What the task requires
Look through the data below and output, unchanged, every line from the one holding "8,000 BTU Portable" through the one holding "Honda Transalp 750", inclusive. Skip the pictures.

The data

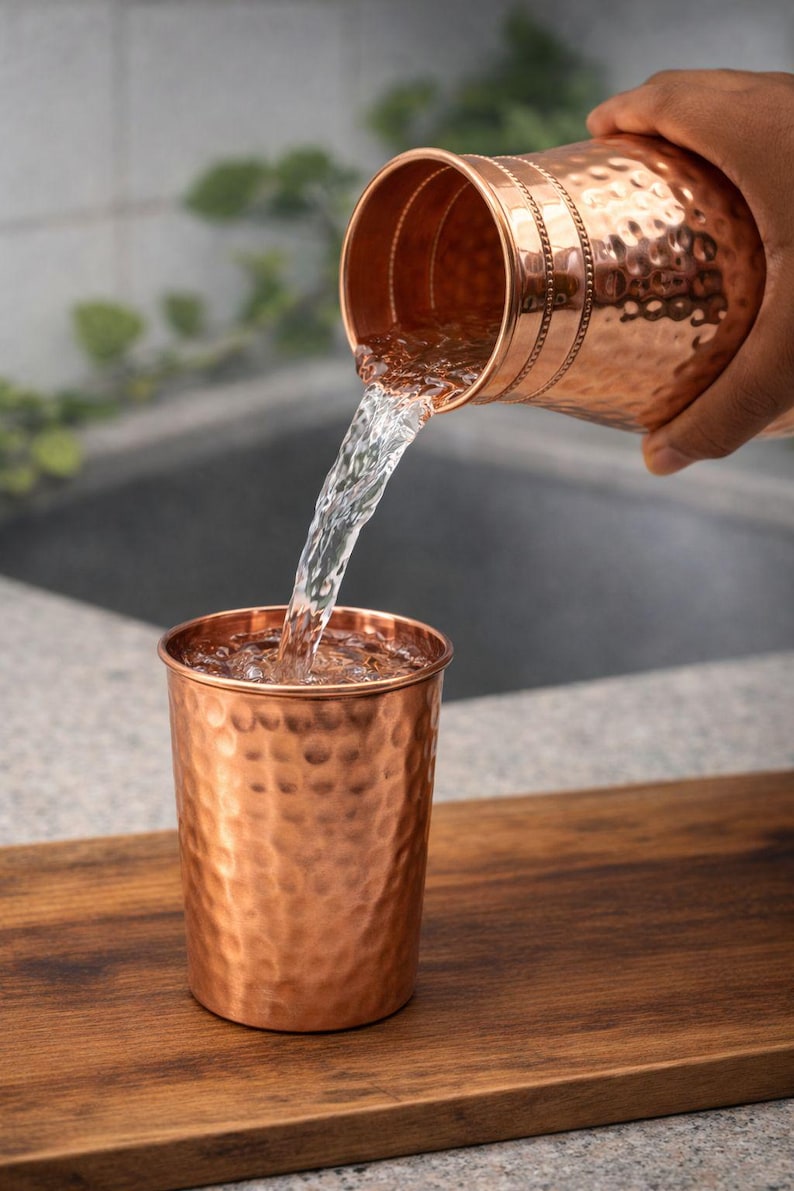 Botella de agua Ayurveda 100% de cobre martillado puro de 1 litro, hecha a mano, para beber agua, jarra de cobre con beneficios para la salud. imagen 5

...

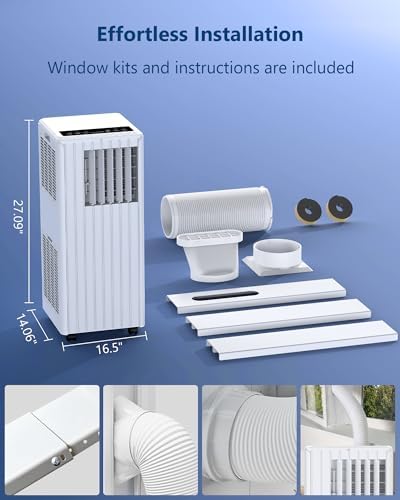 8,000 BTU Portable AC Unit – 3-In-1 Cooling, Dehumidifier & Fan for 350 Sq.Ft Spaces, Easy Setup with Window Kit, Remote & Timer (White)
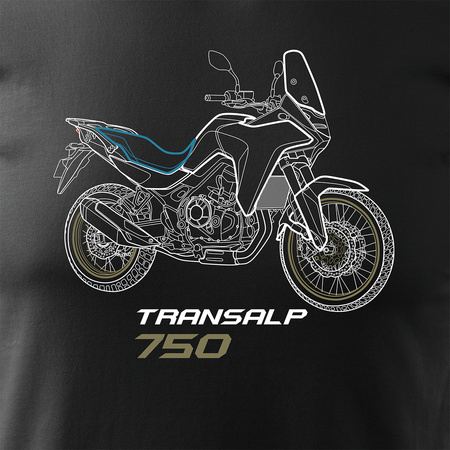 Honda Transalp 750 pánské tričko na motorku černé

Answer to the exercise
 8,000 BTU Portable AC Unit – 3-In-1 Cooling, Dehumidifier & Fan for 350 Sq.Ft Spaces, Easy Setup with Window Kit, Remote & Timer (White)
 Honda Transalp 750 pánské tričko na motorku černé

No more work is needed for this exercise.